Monday, December 8, 2014

Jouornal Reflection #6

Stucker, H. (2005). Digital 'natives' are growing restless. School Library Journal, 51(6), B9-B10. 

     Digital Natives are getting bored.  They are learning in an environment that is not conducive to how they naturally learn on their own.  Learning straight from books is not the only option anymore.  However, even though students are experts at searching for and retrieving the data, they still have no idea how to properly evaluate the information for proper use.  "Joyce Valenza, media specialist at Springfield Township High School in Pennsylvania, said that Internet proficiency often gives students a deceptive sense of self-sufficiency, and the challenge for educators is to figure out how to respect that self-sufficiency yet "intrude in a graceful way"."
     Having online resources through the library at all times is a way for them to self-evaluate once they find what they are looking for.  This way they can ask the important questions in regards to their article or website they want to use in their report.  The library needs to prepare the students to use these tools effectively, so they just won't head to a website and add information from it without really thinking about the point.  
     Don Knezek, CEO of the International Society for Technology in Education (ISTE), states that "Our ultimate outcome for students is that they live, learn, and work successfully by becoming information-seekers, analyzers, and evaluators, that they become problem-solvers and decision-makers...,"   This needs to be done by all, but librarians need to step up to the responsibility and make sure that students are proper researchers and then evaluators of the research as well.

     Finding the balance to let students feel powerful and smart enough to find the information that they want, but then assisting them in evaluating them for proper use can be tricky; I run into this problem all the time, but it is crucial to do this lesson, constantly!  This is not just about articles and websites for information.  I am always teaching my students on how to evaluate what program is the best to present your information or what is the best way share the information.  To try something different, but to make sure that it works for the idea and to look at it with a skeptical eye is the same important skill.   

Sunday, December 7, 2014

Journal Reflection #5

Barack, L. (2013). Talking teen engagement. School Library Journal, 59(6), 12-n/a.

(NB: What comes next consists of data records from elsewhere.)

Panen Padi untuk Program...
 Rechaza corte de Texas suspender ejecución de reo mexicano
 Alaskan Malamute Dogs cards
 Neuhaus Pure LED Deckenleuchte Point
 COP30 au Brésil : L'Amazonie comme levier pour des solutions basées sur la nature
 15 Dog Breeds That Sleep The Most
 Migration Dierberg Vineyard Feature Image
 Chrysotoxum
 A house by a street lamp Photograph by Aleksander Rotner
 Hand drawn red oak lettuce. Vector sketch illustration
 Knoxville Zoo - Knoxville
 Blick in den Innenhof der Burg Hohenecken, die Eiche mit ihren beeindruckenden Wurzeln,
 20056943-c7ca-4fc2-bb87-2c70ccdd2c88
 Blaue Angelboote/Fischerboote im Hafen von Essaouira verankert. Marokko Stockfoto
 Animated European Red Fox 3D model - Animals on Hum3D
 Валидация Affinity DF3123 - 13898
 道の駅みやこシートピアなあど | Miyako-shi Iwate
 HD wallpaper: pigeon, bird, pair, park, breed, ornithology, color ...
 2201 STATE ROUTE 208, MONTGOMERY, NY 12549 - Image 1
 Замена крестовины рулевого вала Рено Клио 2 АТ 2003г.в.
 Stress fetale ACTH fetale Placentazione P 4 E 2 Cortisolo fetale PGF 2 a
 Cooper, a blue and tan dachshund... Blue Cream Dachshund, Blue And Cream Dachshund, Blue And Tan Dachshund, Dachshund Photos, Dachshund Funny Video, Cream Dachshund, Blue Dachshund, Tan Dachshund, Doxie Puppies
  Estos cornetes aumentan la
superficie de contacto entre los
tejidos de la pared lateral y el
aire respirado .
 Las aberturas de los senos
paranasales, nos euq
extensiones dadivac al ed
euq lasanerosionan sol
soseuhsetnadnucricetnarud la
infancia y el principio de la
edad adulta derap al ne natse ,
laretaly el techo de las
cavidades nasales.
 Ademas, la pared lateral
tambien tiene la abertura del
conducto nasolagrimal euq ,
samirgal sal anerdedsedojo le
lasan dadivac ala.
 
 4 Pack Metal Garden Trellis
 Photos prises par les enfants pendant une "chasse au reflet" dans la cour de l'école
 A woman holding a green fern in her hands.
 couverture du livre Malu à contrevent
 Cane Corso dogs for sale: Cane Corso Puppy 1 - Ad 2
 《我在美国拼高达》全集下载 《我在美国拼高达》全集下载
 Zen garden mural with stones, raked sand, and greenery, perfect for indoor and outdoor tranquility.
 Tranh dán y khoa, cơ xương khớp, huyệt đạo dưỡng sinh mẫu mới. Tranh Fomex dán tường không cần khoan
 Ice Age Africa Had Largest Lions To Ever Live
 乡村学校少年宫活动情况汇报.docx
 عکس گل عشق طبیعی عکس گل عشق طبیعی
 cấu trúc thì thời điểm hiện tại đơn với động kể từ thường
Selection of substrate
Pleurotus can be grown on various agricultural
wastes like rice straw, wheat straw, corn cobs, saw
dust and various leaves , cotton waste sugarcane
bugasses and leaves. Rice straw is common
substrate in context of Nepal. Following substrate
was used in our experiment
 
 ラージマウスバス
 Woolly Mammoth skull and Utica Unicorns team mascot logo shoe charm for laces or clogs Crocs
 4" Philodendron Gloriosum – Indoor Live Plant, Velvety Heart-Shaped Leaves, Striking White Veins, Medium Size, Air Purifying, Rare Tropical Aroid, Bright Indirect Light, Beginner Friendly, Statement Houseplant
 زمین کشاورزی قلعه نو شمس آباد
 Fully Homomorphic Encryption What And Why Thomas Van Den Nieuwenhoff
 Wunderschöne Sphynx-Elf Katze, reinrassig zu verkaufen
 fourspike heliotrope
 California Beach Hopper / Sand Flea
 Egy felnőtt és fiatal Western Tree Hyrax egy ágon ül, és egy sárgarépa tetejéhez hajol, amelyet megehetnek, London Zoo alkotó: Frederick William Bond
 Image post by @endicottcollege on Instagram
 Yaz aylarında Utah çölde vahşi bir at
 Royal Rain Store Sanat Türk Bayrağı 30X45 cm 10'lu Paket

     The Chicago Public library teen section has a podcast that started off with the youth librarian learning as the kids learned.  They did this together, even though Taylor Bayless, the librarian, had no previous knowledge present.  Not knowing how to do something is not an option.  Bayless states that "Someone working with youth has to have the capacity and desire to learn new technology."  It is important to bring out the creative talents of all students who enter the library and if media is one of these outlets, it must be fostered.
     However, if social media is also being used, there needs to be lessons in regards to digital citizenship.  Privacy issues, fair use, digital footprints, these are all lessons and conversations that need to happen.  At times, students are not aware of who may be viewing the information they share, how that can reflect on them, and how they can post on social media, yet still protect themselves.  Chris Shoemaker, states that this is important to do before anything is posted so that you are not having a teenager pull something down after the fact.  By talking about proper social media use instead of having rules and regulations to determine their behavior, the students are able to take ownership of what they create and what it is reflecting.
     Once you have students taking ownership and being proud of the work they are doing in social media, it can only benefit the library and the program after that.  Bringing friends to the library to share in the fun and work they have been doing shows that the use of media can be successful.  When the students then decide to post on their own social media pages about where they are at and what they are doing, it will only encourage questions and conversations about where all these amazing things are happening.  "Brother Mike" Hawkins, associate director and lead mentor at YOUmedia's Digital Youth Network says it best when he states that "If students see something cool, and they see a place where adults care about them, they're going to promote it more than we ever could."  This could be the huge difference for a library with no marketing budget to bring students into their space.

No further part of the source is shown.